**Exercise instructions**
The entries below are to be repeated exactly as they stand.

**Extracted records**
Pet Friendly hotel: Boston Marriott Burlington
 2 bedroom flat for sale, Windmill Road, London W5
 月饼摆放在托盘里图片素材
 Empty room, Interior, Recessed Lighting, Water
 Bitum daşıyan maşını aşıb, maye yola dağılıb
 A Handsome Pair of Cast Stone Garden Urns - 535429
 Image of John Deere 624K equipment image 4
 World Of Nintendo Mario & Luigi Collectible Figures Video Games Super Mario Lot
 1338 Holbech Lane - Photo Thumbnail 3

**Task solution**
Pet Friendly hotel: Boston Marriott Burlington
 2 bedroom flat for sale, Windmill Road, London W5
 月饼摆放在托盘里图片素材
 Empty room, Interior, Recessed Lighting, Water
 Bitum daşıyan maşını aşıb, maye yola dağılıb
 A Handsome Pair of Cast Stone Garden Urns - 535429
 Image of John Deere 624K equipment image 4
 World Of Nintendo Mario & Luigi Collectible Figures Video Games Super Mario Lot
 1338 Holbech Lane - Photo Thumbnail 3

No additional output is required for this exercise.